S. Sì, se hai i documenti puoi trovare lavoro abbastanza facilmente. Non è che noi vogliamo lavori d’ufficio. Molti miei amici lavorano in fabbrica. Qui a Spini di Gardolo ce ne sono molte.

I. I suoi amici vengono assunti fissi?
S. Dipende dalla buona volontà. Nessuno ti assume subito fisso. Prima devi fare un periodo di prova. Di solito si va tramite le agenzie private. Le imprese prendono solo la gente che manda l’agenzia. Ho amici che da due o tre anni lavorano grazie a queste agenzie. Poi, se sei bravo e dimostri che hai tanta voglia di lavorare, qualche ditta ti assume. Altre, invece, non assumono mai fissi.

I. Quanto si guadagna in questo modo?
S. Dagli 800 ai 1000 euro.

I. Qualcuno di voi riesce a mandare soldi a casa?
S. È difficile con questi affitti che paghiamo qui. Io sto in un monolocale insieme a due amici, qui a Gardolo. È meno di trenta metri quadrati e paghiamo seicento euro al mese. I miei amici l’hanno trovato tramite conoscenze. È già stata una fortuna perché di solito la gente non affitta agli stranieri. E dire che paghiamo l’affitto, anche caro.

I. Con le ragazze come fate? Oppure uno che fa la tua scelta si deve dimenticare l’amore finché non torna a casa?
S. Noi abbiamo tanti amici e amiche, anche italiane. Dipende da come ti comporti. C’è gente brava che capisce gli immigrati e non è razzista. Ci sono molti tunisini che sono sposati con italiane, che hanno figli. Ci sono tante coppie miste. Quindi il razzismo non è generalizzato. No, per fortuna no. Ci sono persone brave, che ci capiscono, ma c’è anche gente cattiva che ci vuol male. Noi chiediamo che le brave persone impediscano ai cattivi di maltrattarci.

I. Vi manca molto la Tunisia?
S. Certo, quando parti lasci la tua famiglia, i tuoi amici, la tua città. C’è qualcuno che lascia a casa anche moglie e figli e non può portarli in Italia perché guadagna troppo poco. Con 800 o 900 euro non mantiene la famiglia in Italia.

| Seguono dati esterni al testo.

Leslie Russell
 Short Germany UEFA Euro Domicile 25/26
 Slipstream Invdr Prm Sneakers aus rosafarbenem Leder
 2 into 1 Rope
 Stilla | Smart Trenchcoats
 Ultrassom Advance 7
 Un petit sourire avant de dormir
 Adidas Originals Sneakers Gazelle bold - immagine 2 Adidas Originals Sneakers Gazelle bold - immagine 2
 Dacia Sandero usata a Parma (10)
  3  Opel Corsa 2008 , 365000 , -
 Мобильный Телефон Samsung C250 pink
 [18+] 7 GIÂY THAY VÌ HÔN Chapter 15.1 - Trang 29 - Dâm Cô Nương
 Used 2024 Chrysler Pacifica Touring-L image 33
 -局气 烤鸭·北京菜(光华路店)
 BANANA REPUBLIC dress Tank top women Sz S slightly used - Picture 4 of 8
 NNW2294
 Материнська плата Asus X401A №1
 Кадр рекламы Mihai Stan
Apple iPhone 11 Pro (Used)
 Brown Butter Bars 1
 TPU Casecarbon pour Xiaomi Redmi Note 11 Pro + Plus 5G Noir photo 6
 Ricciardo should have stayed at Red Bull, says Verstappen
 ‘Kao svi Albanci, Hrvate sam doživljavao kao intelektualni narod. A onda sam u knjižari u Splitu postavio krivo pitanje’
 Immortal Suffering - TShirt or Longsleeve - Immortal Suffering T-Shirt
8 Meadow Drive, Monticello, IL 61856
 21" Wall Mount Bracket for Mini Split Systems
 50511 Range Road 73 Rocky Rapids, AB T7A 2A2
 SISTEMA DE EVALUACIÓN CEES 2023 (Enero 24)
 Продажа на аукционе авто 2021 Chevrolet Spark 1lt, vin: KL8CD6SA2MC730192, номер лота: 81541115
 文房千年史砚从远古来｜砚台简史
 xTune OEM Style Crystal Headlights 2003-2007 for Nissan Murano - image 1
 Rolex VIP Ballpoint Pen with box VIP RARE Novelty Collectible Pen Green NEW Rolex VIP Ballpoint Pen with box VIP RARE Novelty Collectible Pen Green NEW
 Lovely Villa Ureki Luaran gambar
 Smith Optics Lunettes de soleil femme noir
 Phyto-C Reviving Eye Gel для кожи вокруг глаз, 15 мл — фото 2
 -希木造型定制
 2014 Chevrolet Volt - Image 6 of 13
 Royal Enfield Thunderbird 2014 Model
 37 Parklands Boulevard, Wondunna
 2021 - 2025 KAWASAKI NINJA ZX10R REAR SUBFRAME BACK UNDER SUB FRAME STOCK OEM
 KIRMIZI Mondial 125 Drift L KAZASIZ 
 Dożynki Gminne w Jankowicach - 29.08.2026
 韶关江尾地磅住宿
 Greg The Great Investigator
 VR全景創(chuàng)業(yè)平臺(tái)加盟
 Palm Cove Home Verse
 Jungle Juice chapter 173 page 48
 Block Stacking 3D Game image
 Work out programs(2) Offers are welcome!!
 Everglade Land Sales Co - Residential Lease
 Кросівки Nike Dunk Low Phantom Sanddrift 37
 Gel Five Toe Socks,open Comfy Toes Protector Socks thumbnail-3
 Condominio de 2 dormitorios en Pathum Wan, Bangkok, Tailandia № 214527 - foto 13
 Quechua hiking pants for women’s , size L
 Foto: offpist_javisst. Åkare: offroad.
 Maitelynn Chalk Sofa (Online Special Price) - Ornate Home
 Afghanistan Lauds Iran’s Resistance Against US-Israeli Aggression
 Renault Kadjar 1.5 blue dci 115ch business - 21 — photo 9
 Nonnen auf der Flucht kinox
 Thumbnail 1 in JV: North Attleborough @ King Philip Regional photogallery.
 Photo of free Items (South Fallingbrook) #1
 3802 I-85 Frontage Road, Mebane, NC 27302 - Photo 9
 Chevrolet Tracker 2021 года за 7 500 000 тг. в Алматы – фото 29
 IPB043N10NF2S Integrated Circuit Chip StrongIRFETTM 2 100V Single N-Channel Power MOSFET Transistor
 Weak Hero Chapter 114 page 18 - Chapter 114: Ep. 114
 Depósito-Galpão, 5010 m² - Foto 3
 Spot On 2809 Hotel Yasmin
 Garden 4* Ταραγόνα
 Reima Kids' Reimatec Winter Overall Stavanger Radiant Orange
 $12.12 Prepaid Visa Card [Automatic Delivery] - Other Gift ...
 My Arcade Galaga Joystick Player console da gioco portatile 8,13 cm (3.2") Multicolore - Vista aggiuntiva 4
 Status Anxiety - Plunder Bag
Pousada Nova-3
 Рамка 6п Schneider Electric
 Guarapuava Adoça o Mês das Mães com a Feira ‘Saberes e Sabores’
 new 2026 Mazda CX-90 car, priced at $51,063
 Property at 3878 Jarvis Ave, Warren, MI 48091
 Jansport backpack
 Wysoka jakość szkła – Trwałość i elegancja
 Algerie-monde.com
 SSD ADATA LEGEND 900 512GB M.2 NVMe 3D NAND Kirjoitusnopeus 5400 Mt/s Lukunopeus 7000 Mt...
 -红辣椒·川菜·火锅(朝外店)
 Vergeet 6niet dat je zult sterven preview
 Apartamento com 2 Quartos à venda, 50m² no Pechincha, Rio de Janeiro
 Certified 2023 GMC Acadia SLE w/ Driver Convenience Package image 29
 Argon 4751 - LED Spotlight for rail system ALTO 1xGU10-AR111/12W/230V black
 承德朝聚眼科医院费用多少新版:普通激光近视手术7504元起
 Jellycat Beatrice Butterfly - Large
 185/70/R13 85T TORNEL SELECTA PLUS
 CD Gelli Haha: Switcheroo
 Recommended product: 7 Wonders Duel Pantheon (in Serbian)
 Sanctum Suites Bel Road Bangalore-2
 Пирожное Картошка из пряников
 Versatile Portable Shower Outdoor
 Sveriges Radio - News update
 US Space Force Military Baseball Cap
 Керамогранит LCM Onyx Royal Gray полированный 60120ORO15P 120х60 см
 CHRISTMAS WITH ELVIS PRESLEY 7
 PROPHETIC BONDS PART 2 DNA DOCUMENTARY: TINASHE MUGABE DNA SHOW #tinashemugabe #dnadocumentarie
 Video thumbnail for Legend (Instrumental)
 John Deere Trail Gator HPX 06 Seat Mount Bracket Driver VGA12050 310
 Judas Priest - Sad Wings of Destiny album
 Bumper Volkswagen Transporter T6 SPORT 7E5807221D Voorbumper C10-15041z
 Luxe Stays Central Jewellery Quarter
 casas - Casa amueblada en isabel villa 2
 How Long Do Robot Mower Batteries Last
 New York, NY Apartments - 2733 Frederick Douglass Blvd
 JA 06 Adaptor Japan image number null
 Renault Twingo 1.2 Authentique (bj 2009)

Quando fai domanda di ricongiungimento familiare devi avere una casa di 80 metri quadrati. Solo per l’affitto ci vogliono mille euro. Questa gente accetta questa vita almeno per garantire ai figli di poter studiare. La speranza è che stiano meglio almeno loro e per raggiungere questo obiettivo accettano di stare lontano per anni da casa. Per scegliere questa vita, uno deve essere tanto motivato. È che laggiù non si trova lavoro. Se un italiano non trova lavoro non credo che rimane. Cercherà un posto dove trovare qualcosa da fare. Andrà in Australia o in America.

I. Lei pensa di rimanere in Italia per sempre o pensa che tornerai a casa un giorno?
S. Dipende. Non so. Ancora non so cosa fare. La prima cosa è avere i documenti e trovare un lavoro. Non posso fare programmi. Anche i miei amici che sono qua da più tempo non sanno cosa fare. C’è a chi piacerebbe rimanere, ma con tutte queste leggi è difficile. Se uno ha lavorato per cinque anni di seguito e poi perde il lavoro e non lo trova entro sei mesi viene rimandato a casa. In queste condizioni, uno come può fare programmi.